Studio album by Charlotte Gainsbourg
- Released: 17 November 2017
- Studios: A.S. (Paris); Palestine (Paris); Motorbass (Paris); Electric Lady (New York); Crowdspacer (Brooklyn, New York);
- Length: 48:23
- Languages: English; French;
- Labels: Because, Atlantic
- Producer: SebastiAn

Charlotte Gainsbourg chronology
| Stage Whisper (2011) | Rest (2017) | Take 2 (2018) |

Singles from Rest
- "Rest" Released: 8 September 2017; "Deadly Valentine" Released: 21 September 2017;

= Rest (Charlotte Gainsbourg album) =

Rest is the fourth studio album by French and British singer and actress Charlotte Gainsbourg. It was primarily produced by French electronic musician SebastiAn, and released on 17 November 2017 by Because Music and Atlantic Records. It is her first studio album in eight years, and features collaborations with Paul McCartney, Guy-Manuel de Homem-Christo, Owen Pallett and Connan Hosford, among others.

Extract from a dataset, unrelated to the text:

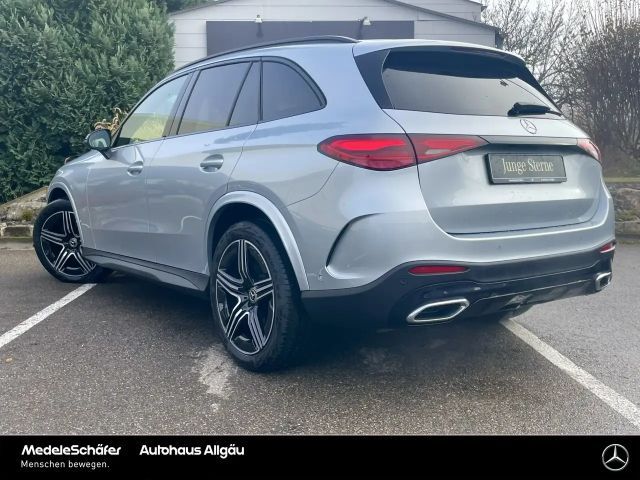 Mercedes-Benz GLC 450 4MATIC AMG Line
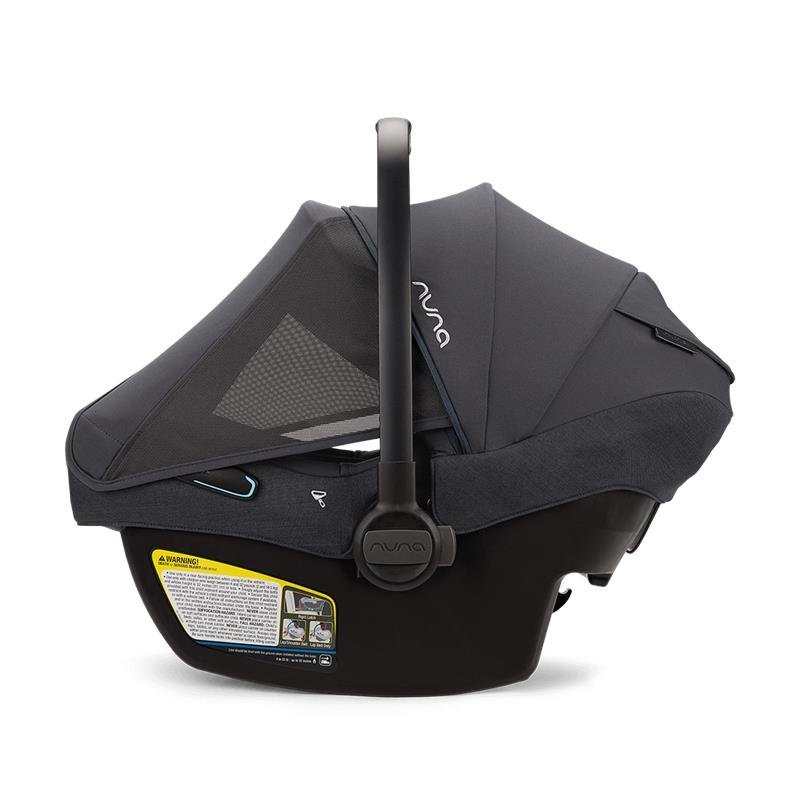Nuna - Pipa Lite Rx Infant Car Seat, Ocean - Image 6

The tracks "Rest" and "Deadly Valentine" were released as singles and music videos, both directed by Gainsbourg herself.

The album explores the deaths of Gainsbourg's father Serge Gainsbourg and half-sister Kate Barry, with a focus on the theme of alcohol addiction. She has commented that "the album took a different direction. I wanted to express [my grief] not only with sadness but with anger." The lyrics are in English and French.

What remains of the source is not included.